[Extracted material]

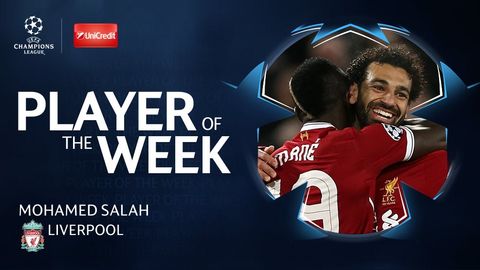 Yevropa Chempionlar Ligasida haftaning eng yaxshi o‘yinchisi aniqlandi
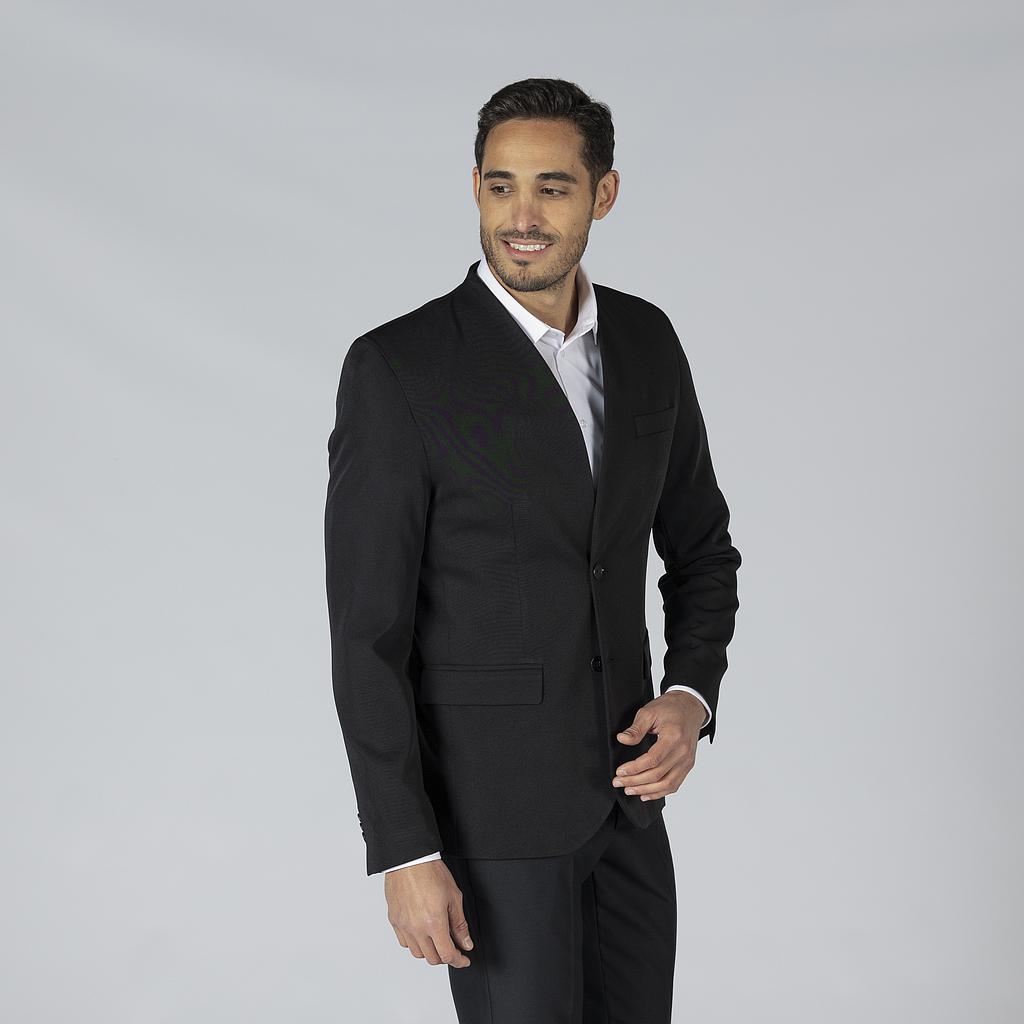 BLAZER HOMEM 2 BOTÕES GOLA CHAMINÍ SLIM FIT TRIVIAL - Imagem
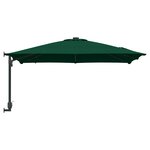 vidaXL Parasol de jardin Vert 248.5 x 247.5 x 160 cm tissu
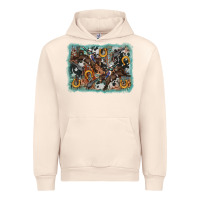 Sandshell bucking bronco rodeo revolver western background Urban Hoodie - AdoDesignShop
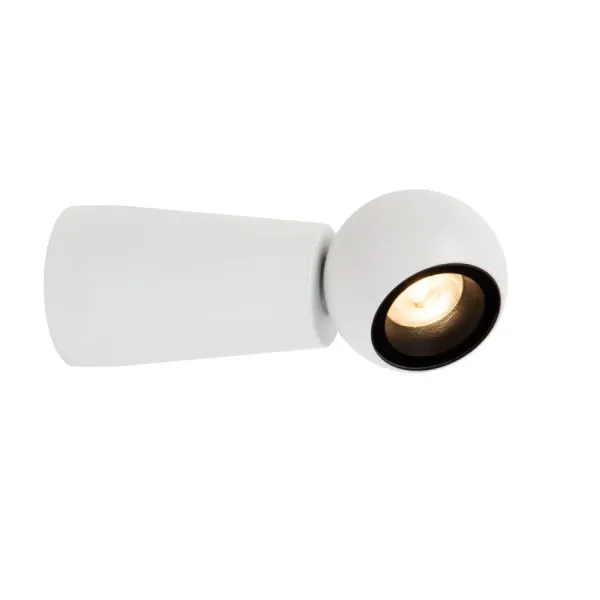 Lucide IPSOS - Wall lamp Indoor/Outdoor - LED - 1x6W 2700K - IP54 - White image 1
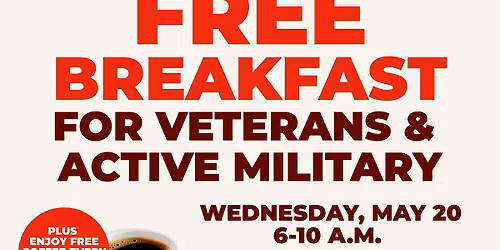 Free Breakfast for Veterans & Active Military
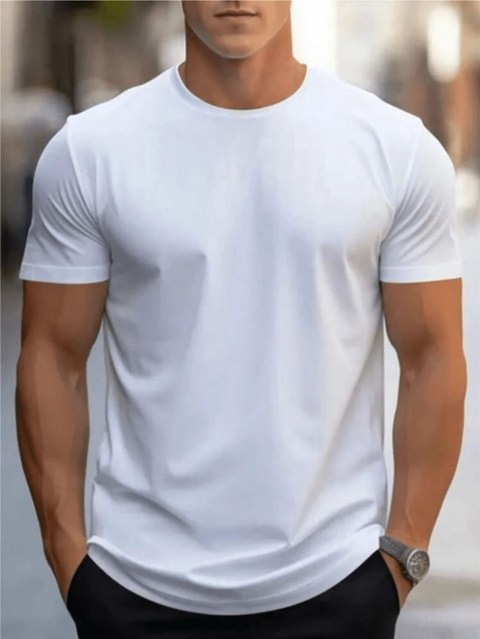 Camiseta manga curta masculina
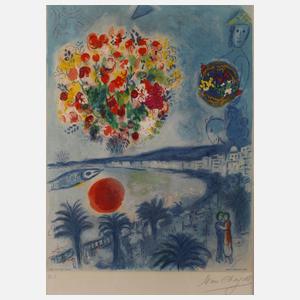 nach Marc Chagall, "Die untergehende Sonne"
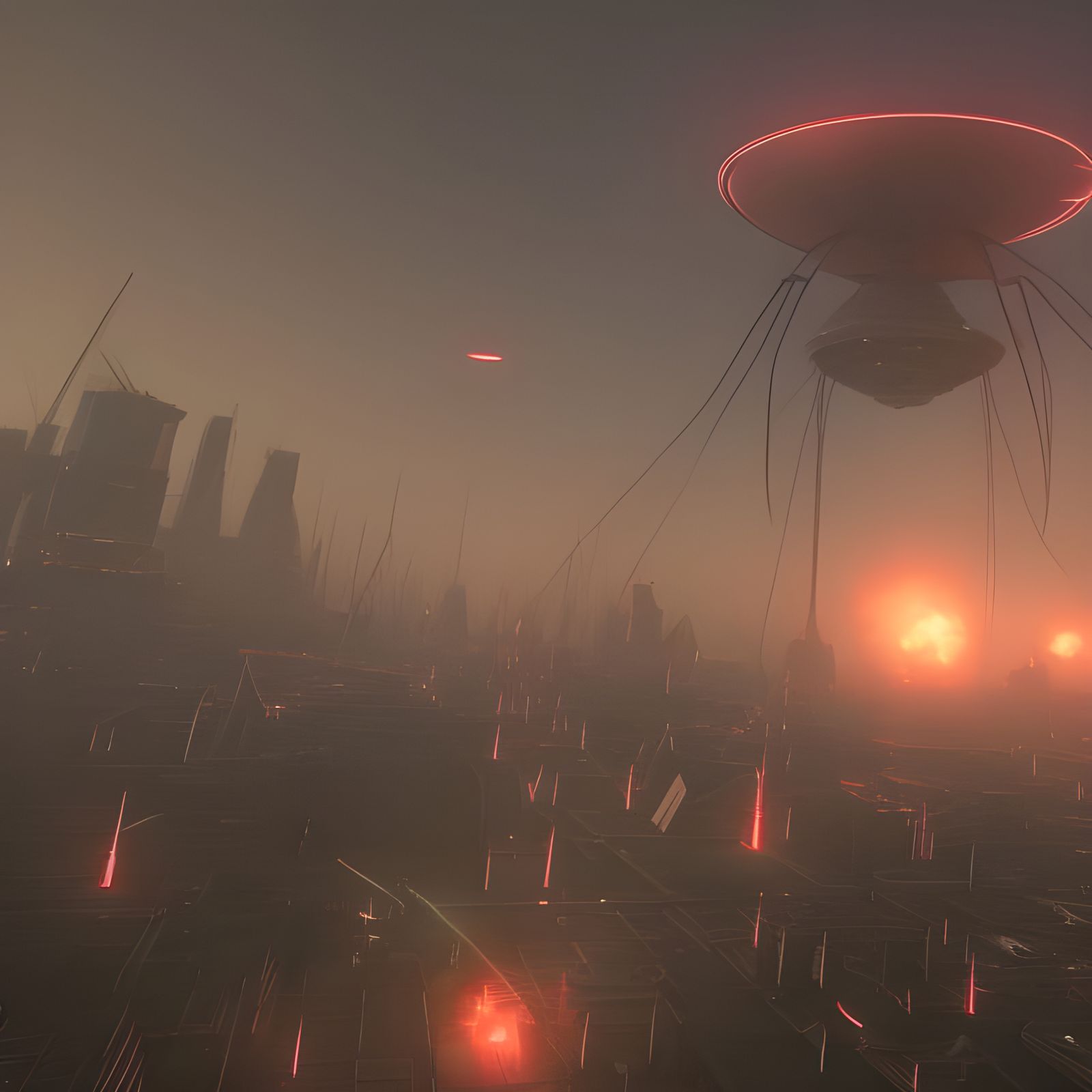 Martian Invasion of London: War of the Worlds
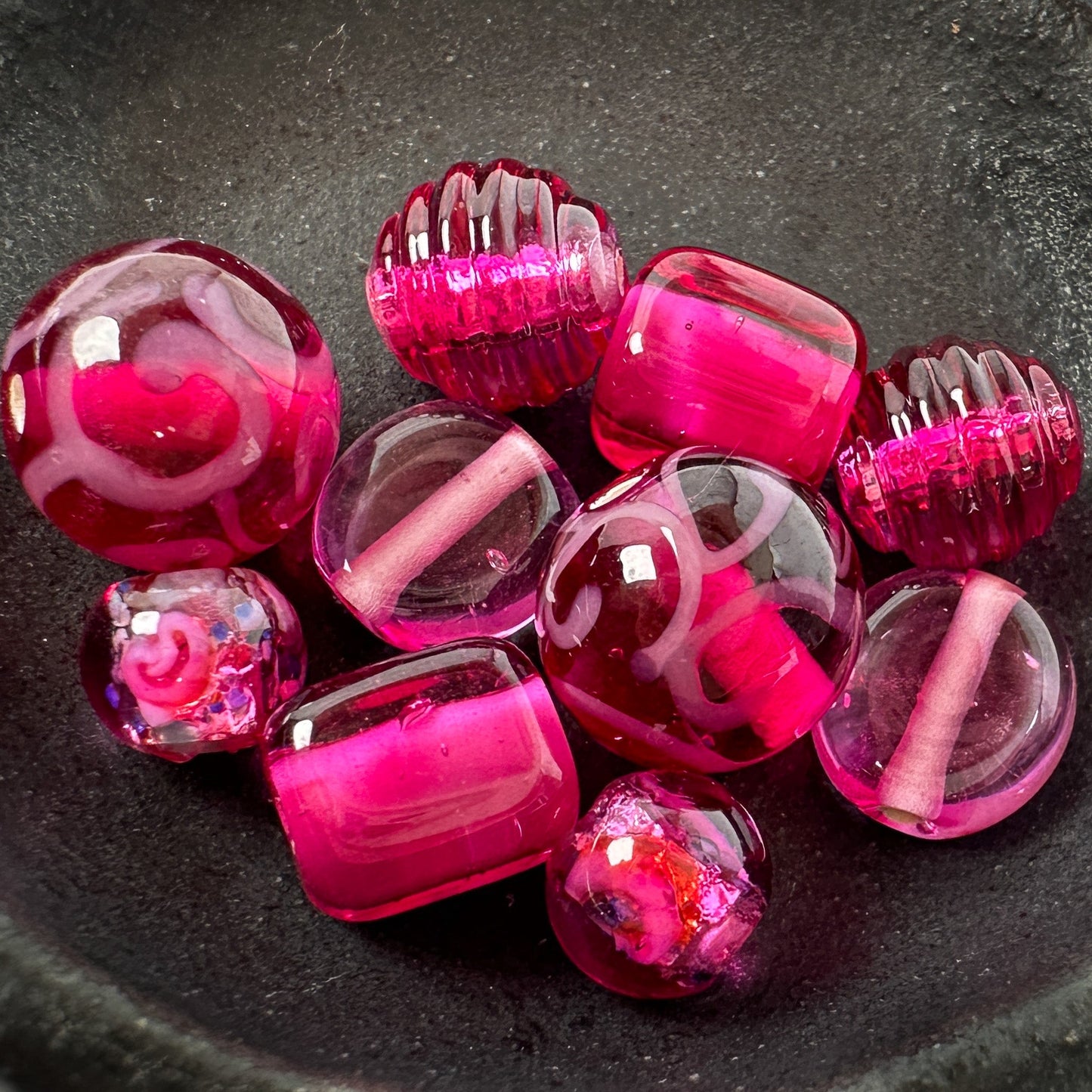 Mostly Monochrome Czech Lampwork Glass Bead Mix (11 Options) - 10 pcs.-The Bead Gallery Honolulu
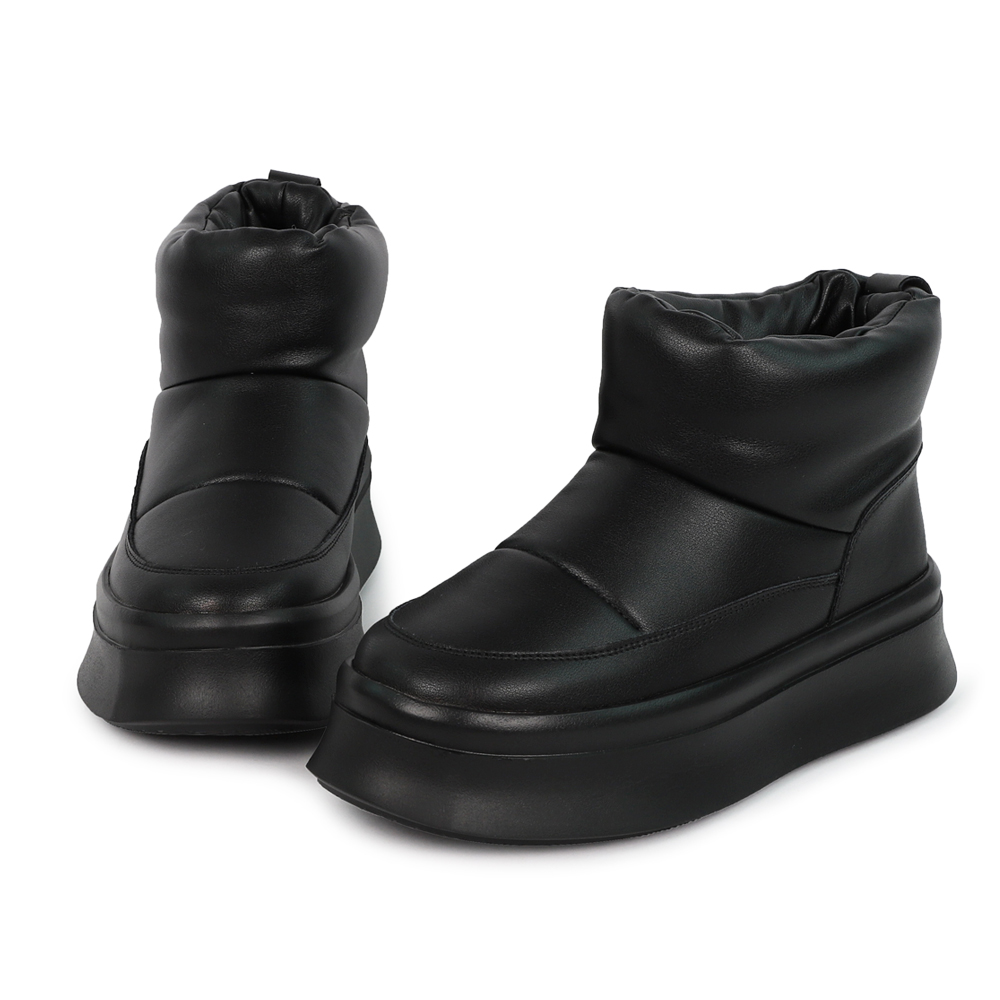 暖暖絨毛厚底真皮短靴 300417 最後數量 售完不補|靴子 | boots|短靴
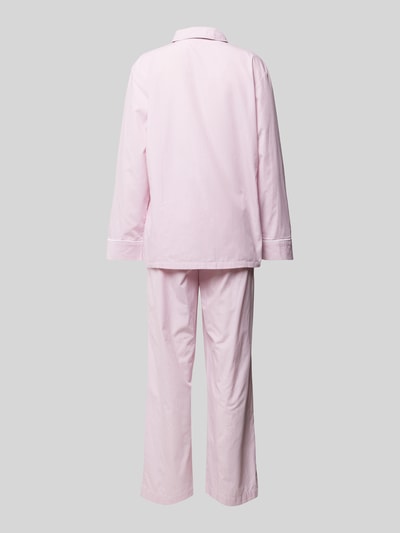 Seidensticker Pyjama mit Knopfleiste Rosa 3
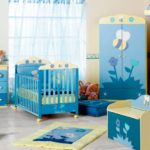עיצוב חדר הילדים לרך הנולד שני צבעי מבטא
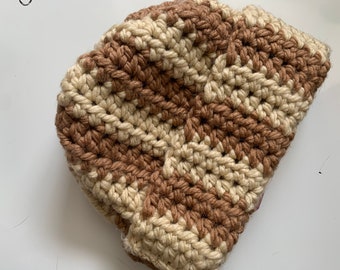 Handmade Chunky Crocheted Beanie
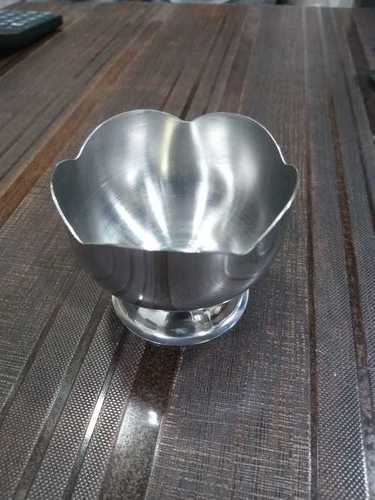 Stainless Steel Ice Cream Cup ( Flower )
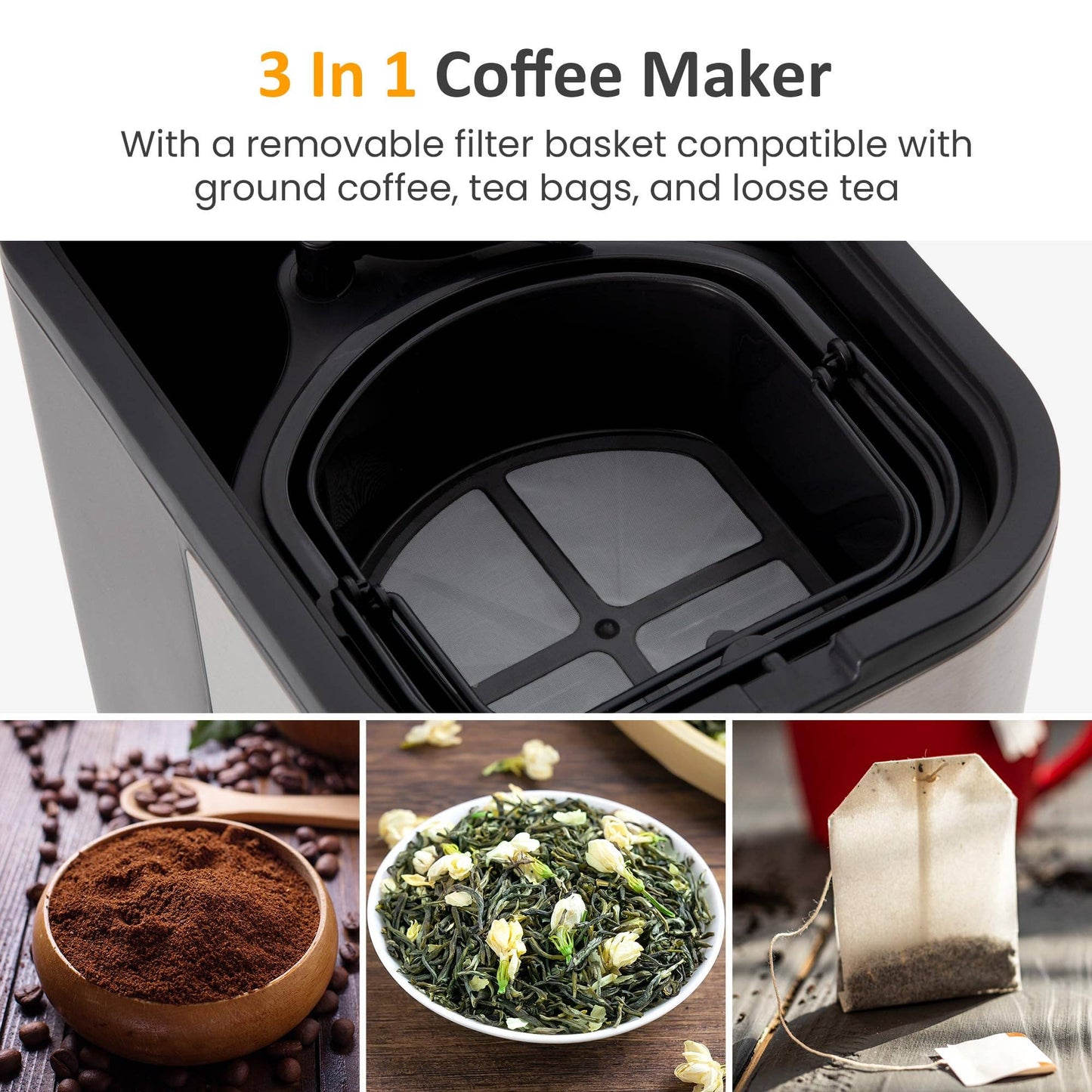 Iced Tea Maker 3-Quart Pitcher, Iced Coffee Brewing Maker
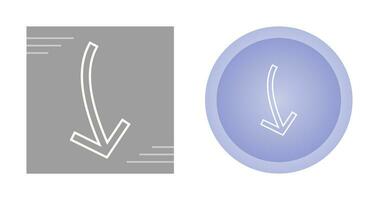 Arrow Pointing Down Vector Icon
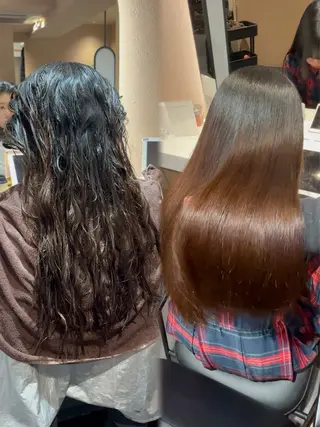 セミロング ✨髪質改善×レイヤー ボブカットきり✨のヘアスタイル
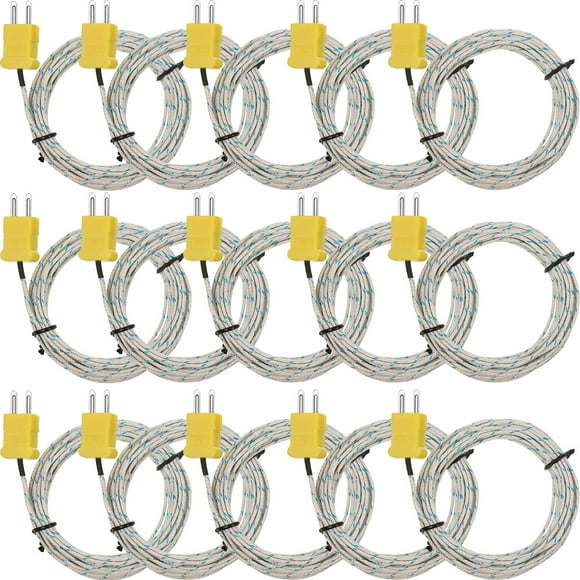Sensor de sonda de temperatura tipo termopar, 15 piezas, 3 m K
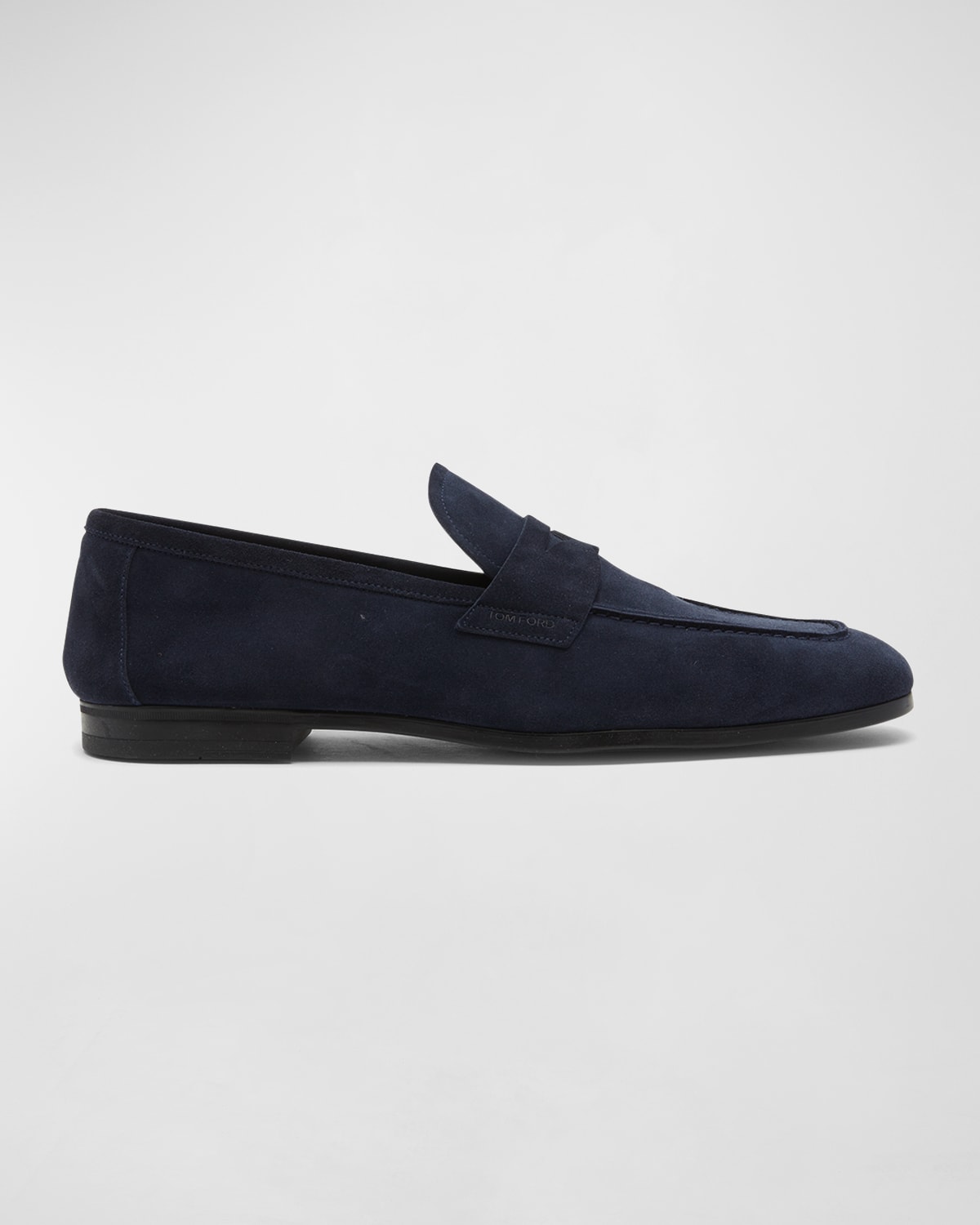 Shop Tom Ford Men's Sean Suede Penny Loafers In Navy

[Exercise] Could you write out exactly the lines running from the one with "暖暖絨毛厚底真皮短靴 300417 最後數量 售完不補|靴子 | boots|短靴" through the last line of the data above, both ends kept, and omit any picture?

[Exercise output]
 暖暖絨毛厚底真皮短靴 300417 最後數量 售完不補|靴子 | boots|短靴
 Seidensticker Pyjama mit Knopfleiste Rosa 3
עיצוב חדר הילדים לרך הנולד שני צבעי מבטא
 Handmade Chunky Crocheted Beanie
 Stainless Steel Ice Cream Cup ( Flower )
 Iced Tea Maker 3-Quart Pitcher, Iced Coffee Brewing Maker
 Arrow Pointing Down Vector Icon
 セミロング ✨髪質改善×レイヤー ボブカットきり✨のヘアスタイル
Sensor de sonda de temperatura tipo termopar, 15 piezas, 3 m K
 Shop Tom Ford Men's Sean Suede Penny Loafers In Navy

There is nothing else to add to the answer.